# Train in a Restaurant



## united (Nov 16, 2012)

Hi,
I run a Restaurant and we always have a problem with the sound of the bell when the food is ready. It annoys people. I was thinking of doing a model train and when i push the button , the train will run a whole cycle while whistling and smoke. So I've ordered a Bachmann G-scale.
My worries are that during the noisy busy hours, the sound will be low. 
In my country (MAlta), model trains are not popular, so it's difficult to get any advises. Now i found your fantastic forum. I will be very greatful if you give some help.
What do you think is the best solution?
Thanks


----------



## Kwikster (Feb 22, 2012)

Another possibility would be to have a train station with a sound device inside, Lionel used to produce a whistling shack which has been out of production for some time. You can get a sound card with a steam whistle on it, and install it in a station, instead of a small speaker, it could be connected to the PA system. You would be able to control it via a switch, and adjustable volume to suit your needs. 

Perhaps one of the electrical guru's can provide more assistance than I can.

Carl


----------



## united (Nov 16, 2012)

That's a briliant idea. thanks. I think that means i eliminate the sound sytem installed in the train.


----------



## Kwikster (Feb 22, 2012)

Actually, no you won't. It would be separately controlled. In fact, you could completely isolate it, using it's own power supply. Also, since the train would be moving constantly, from what I gather, it may be hard to hear from some vantage points. Being unsure of the size of your establishment, I'm speculating on that. I hope guys like GunrunnerJohn look in here, if no responses I'll ask them to jump in. 

Carl


----------



## united (Nov 16, 2012)

Yes it's a big establesment. 
I think my best option will be, to connect a short train whistle sound to the main PA system (to get the attention of the staff), and leave the original sound of the train. 
That leaves me with 2 problems:
A-Is there anything that can be done to amplifie a littlebit the sound of the train?
B-What equipment should I use ,for a whistle sound or a short musical note( I'm thinking Indiana jones/western theme) That can be activate with the press of a button, and connected to my PA system / spekers?
Thanks.


----------



## alman (Oct 22, 2012)

united said:


> Yes it's a big establesment.
> I think my best option will be, to connect a short train whistle sound to the main PA system (to get the attention of the staff), and leave the original sound of the train.
> That leaves me with 2 problems:
> A-Is there anything that can be done to amplifie a littlebit the sound of the train?
> ...


 

You could use a relay , operated by a switch on the layout , that would energise the relay as the train passes.
The relay would then operate a whistle or horn. Relay could be on a timer.

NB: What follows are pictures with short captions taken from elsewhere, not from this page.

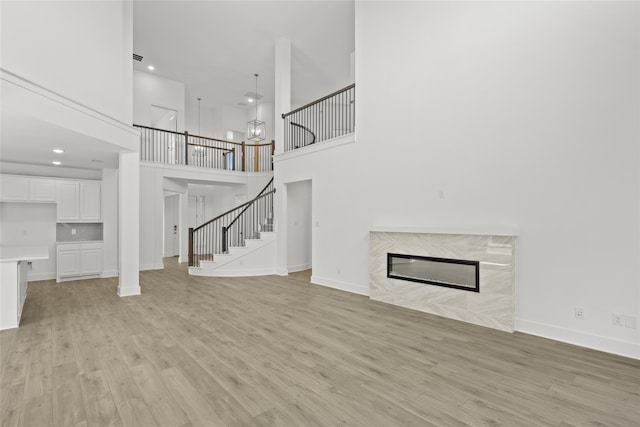 unfurnished living room with a fireplace, light wood-type flooring, and a high ceiling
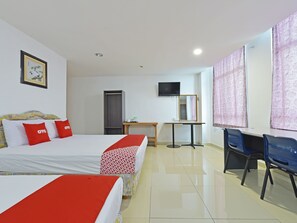 A hotel room with two beds, a desk, a chair, a TV, and a door.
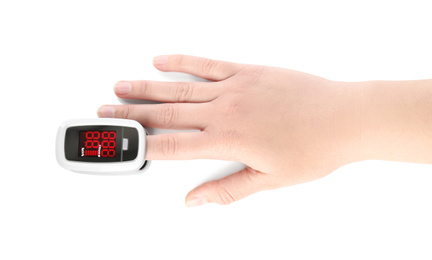Photo of Woman using modern fingertip pulse oximeter on white background, top view
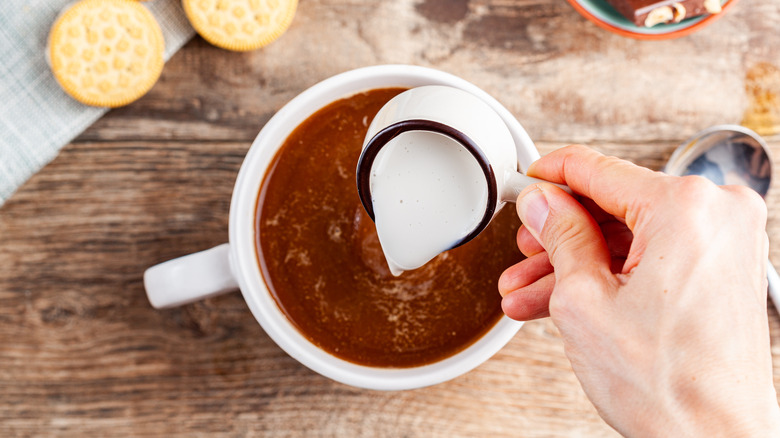 Creamer being added to a cup of coffee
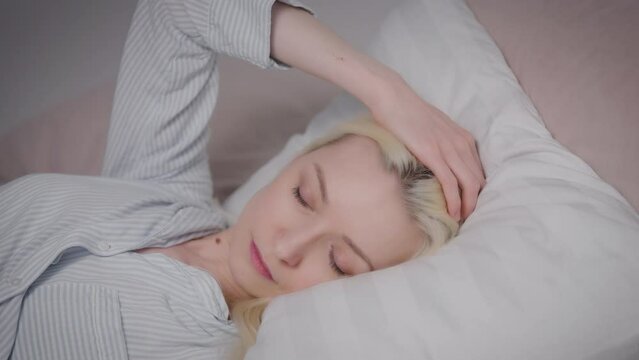 worried blonde woman lies in bed on a pillow, can't sleep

This may sound complicated , but I am an electrician.

If you have an electrician friend , he likely could set this up for you.

I hope this helps.


----------



## gunrunnerjohn (Nov 10, 2010)

You can get many recordable modules that would allow you to record anything you like and activate it using a pushbutton. I bought some that have three buttons that will playback three different recordings. The total recording length can be about three minutes. You could tap that into the PA system and announce whatever you like, even have some variability. They're pretty cheap, and would solve the problem.


----------



## united (Nov 16, 2012)

Thanks for all your help! I will show this to my electrician.


----------



## united (Nov 16, 2012)

gunrunnerjohn said:


> You can get many recordable modules that would allow you to record anything you like and activate it using a pushbutton. I bought some that have three buttons that will playback three different recordings. The total recording length can be about three minutes. You could tap that into the PA system and announce whatever you like, even have some variability. They're pretty cheap, and would solve the problem.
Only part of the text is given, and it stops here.